Fundacja Republikańska to istniejący od 2009 r. konserwatywny think-tank pragnący m.in. kształtować instytucje życia publicznego "w duchu zgodnym z chrześcijańską koncepcją człowieka" i "bezwarunkowo chronić życie ludzkie od naturalnego poczęcia do naturalnej śmierci". Jego współzałożycielem i pierwszym prezesem był Przemysław Wipler, późniejszy poseł Kongresu Nowej Prawicy i partii KORWiN.

Na portalu "Jesteś potrzebny, chłopie" na razie wiszą trzy poradniki, trzy wykłady wideo, dziewięć podcastów i kilkanaście felietonów.

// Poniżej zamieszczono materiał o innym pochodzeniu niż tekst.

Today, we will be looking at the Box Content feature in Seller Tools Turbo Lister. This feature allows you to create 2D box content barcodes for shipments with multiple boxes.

Można się spierać, czy to dużo jak na ministerialne dofinansowanie w kwocie 170 tys. złotych, ale do analizy wystarczy.

Mężczyzna zagubiony

Jak diagnozują na wstępie autorzy strony, w obecnych czasach panuje chaos, a z kondycją mężczyzn nie jest dobrze. Receptą na to ma być właśnie portal "Jesteś potrzebny, chłopie". Dzięki niemu zagubieni panowie mają odkryć swą męską tożsamość i nauczyć się tworzyć trwałe rodziny, które razem płyną przez wzburzone wody życia.

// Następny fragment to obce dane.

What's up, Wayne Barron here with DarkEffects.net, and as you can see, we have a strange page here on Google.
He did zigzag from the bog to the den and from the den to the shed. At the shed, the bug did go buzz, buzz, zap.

 (...) jeśli odkrywasz, że żarty o przyznawaniu kobiecie racji dla świętego spokoju są jedną z lepszych rad, jakie poznałeś, nie wiesz, jak ustosunkować się do współcześnie kreowanego obrazu mężczyzny, masz dość słuchania o "toksycznej męskości", to tutaj znajdziesz poważne odpowiedzi i rady na te i inne problemy, z którymi musi radzić sobie mężczyzna w dobie chaosu

– czytam w zakładce "O projekcie" i już myślę, że dalej będzie grubo. Myślę tak, bo w ramach swojej pracy zawodowej przeczytałam już niejeden niekoniecznie równościowy poradnik o związkach. Słuchałam audycji o "byciu dobrą żoną w sypialni" w Radiu Maryja, przeszłam kurs coacha podrywu, czytywałam teksty biadające nad tym, jak to Polki wiążą się z cudzoziemcami. Czuję, że przede mną kolejne mądrości w tym stylu: zaraz przeczytam, jak to mąż jest kapitanem okrętu Rodzina, a gadatliwej kobietki nie zrozumiesz, ale możecie się razem modlić.

Żona też człowiek

Rzeczywiście, w różnych miejscach portalu "Jesteś potrzebny, chłopie" można znaleźć mocno konserwatywne refleksje. Jest o tym, że siła fizyczna to ważna męska cecha (tak, z przykładem o wnoszeniu lodówki na czwarte piętro), że facet może popłakać, ale raczej nie przy partnerce, tylko kumplu albo terapeucie, a rozluźnienie sztywnych ról płciowych oprócz zalet ma też wady (tj. panowie częściej uważają panie za modliszki, a panie panów – za słabeuszy). Znajdziemy tam uogólnienia w stylu "mężczyźni są z Marsa, a kobiety z Wenus" – choćby takie, że dla płci pięknej sfera seksu i emocji są "związane w sposób immanentny", a "męski świat zasadniczo różni się od subtelnej i delikatnej strefy życia kobiet".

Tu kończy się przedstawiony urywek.